Naturally, Du Bois does address the dialectics of race and class—you can’t write about slavery and emancipation without doing so, however much liberals may try to excise class from their memory of Reconstruction. Consider the unimpeachably Marxist Barbara Fields, who compares class and race to the two halves of a fraction and calls on scholars “to define and specify each one, recognizing their difference as well as their relationship and their joint indispensability to the result.”1 Fields, of course, denies causal force to race (though not to racism). But even she recognizes that post-emancipation struggles involved categories besides class, most importantly the idea of a black nation.2
Black Reconstruction has little, if any, discussion of gender, but it would be a better book if it did. To name just a few obvious angles: the expansion of the supply of slaves, as well as the reproduction of racial categories, occurred through literal human reproduction; the basic idea of an independent household implies a male head and familial dependents; the extension of the franchise which defined Reconstruction politics did not extend to black or white women, etc.
Marxism: A More Serious Question
Du Bois never claimed to be “intersectional.” But he did place himself within the Marxist tradition, declaring at one point:
I believed and still believe that Karl Marx was one of the greatest men of modern times and that he put his finger squarely upon our difficulties when he said that economic foundations, the way in which men earn their living, are the determining factors in the development of civilization, in literature, religion, and the basic pattern of culture.
Black Reconstruction is presented explicitly as a work of Marxist analysis. So when Riley banishes Black Reconstruction from the Marxist tradition, he is claiming that Du Bois was mistaken about his own affinities. What is the evidence for self-deception? Riley makes two claims. First, he claims that Du Bois’ choice of historical protagonist is not properly Marxist. Second, he claims that Du Bois’ own personal social ideal is not properly Marxist. Both of these claims are presented without evidence. A look at the evidence shows that both claims are untenable.
Does Du Bois Misidentify the Subject of History?
Consider the first claim, that Du Bois’ choice of historical protagonist is not properly Marxist:
Du Bois’s proletariat, or at least its most politically important part, [is not] the industrial working class; it is rather the family farmer, both in the West and the South, both black and white.

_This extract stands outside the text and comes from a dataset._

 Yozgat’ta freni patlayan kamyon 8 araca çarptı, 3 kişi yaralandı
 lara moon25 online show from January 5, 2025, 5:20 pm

If this were true, who cares? Are Marxist historians required to focus on industrial workers? Especially given that in 1860, 80% of Americans lived in rural areas and 59% of the labor force worked in agriculture? But it’s not even true that the subject of Black Reconstruction is “the family farmer.” When Du Bois introduces the black proletariat, he is writing about enslaved workers on plantations. Thus, the flight of these workers from the plantation is “the general strike of the proletariat.” The freedpeople, once free, did aspire to the independent ownership of productive landed property, but this was an aspiration that was never fulfilled for most black workers.3 It seems like basic hygiene to distinguish between the social forces involved in a historical crisis and radical visions of how that crisis might be resolved through the establishment of new social property relations.

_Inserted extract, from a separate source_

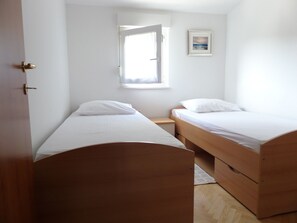 2 Schlafzimmer, Bügeleisen/Bügelbrett, WLAN, Bettwäsche
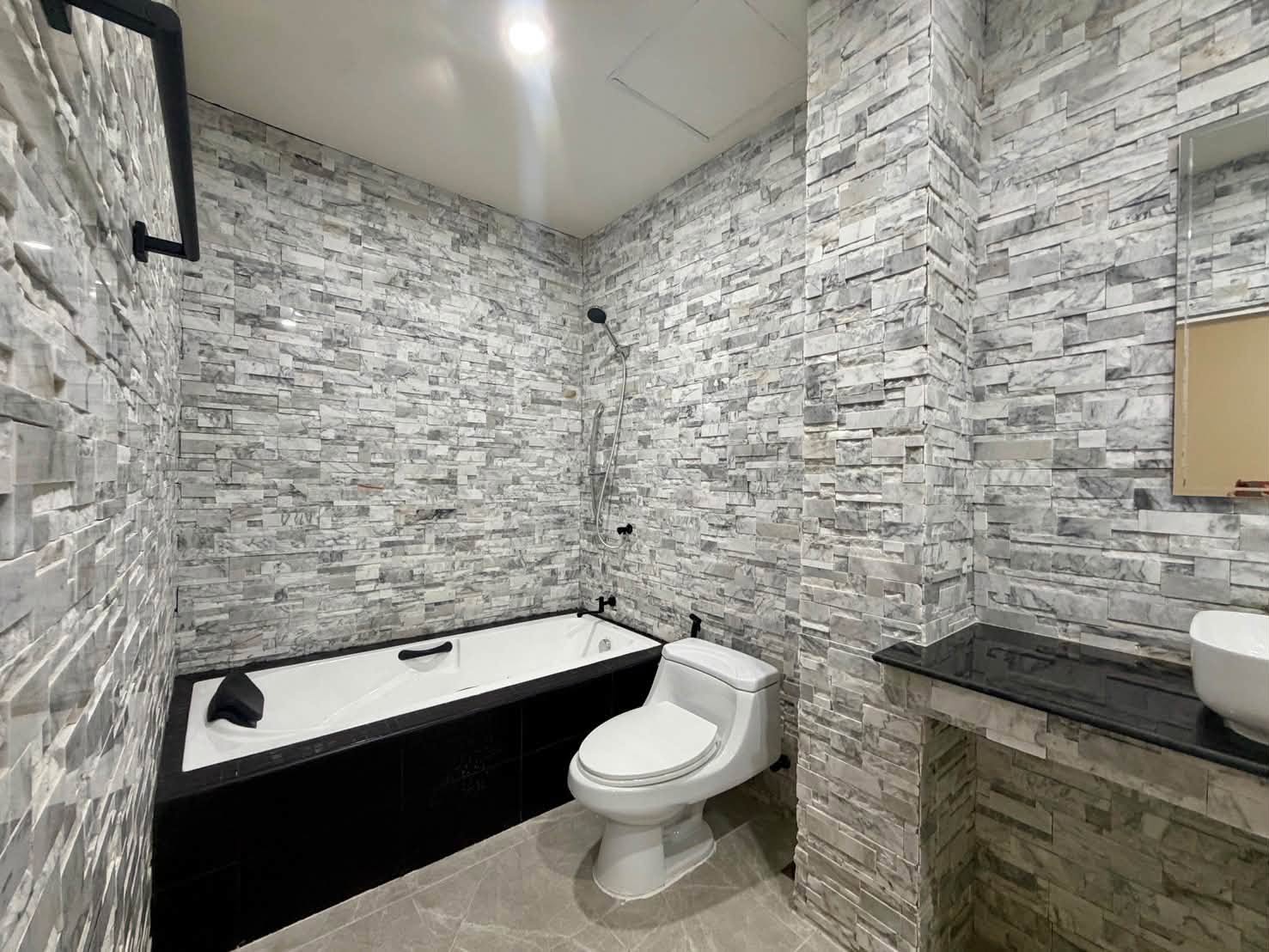 Renovated 2-bedroom condo for sale at Pornsawan Condotel – photo 10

The real focus of Black Reconstruction is not any particular class, but the whole ensemble of social relations (in Du Bois’ words, “the broader problems of work and income as affecting all men regardless of color or nationality”). In this story, industrial workers (and capitalists) do play an important role. Du Bois clearly recognizes the significance of what he calls “modern industrial development.” In the years before 1861, the planters’ “capitalistic rivals” were “devoting their whole energy and intelligence to building up an industrial system.” After the war, Northern industry continued “forging forward with furious intensity…this movement was foremost and predominant in the mind and vision of living persons in that day.” For Du Bois, the self-organization of industrial workers is, along with the self-emancipation of enslaved workers, one of two labor movements of the time. Both were of great consequence; most consequential was the fact that they did not become one.
Riley is an outstanding interpreter of Gramsci, and he notes in a parenthetical that some of Gramsci’s work “bears a resemblance to Black Reconstruction.” The thought is not developed further, but it implies a closer relationship between Du Bois and Marxism than Riley wants to concede in the rest of the piece. I agree that the two great theorists can be fruitfully compared. A key example here is Du Bois’ concept of “the abolition-democracy.” In my experience, people sometimes take “abolition democracy” as just another way of saying “the thing Du Bois liked” or “Du Bois’ democratic ideal.” But consider the following description:
The abolition-democracy was the liberal movement among both laborers and small capitalists, who…saw the danger of slavery to both capital and labor. It began its moral fight against slavery in the thirties and forties and, gradually transformed by economic elements, concluded it during the war. The object and only real object of the Civil War in its eyes was the abolition of slavery, and it was convinced that this could be thoroughly accomplished only if the emancipated Negroes became free citizens and voters.
This is a description not of a regulating ideal but of a concrete, dynamic coalition of social forces coming together to transform existing property relations—the kind of historical object Gramsci would call a “historical bloc.” If the original basis of the abolition-democracy was laborers and small capitalists, in time “[larger] Northern industry made its great alliance with abolition-democracy.” Naturally, the freedpeople—for whom abolition had the most profound meaning—become an important component of this bloc, from their general strike into the organized black politics of the post-war. The US military (a group which included black soldiers) was also an important material force in the project of abolition-democracy.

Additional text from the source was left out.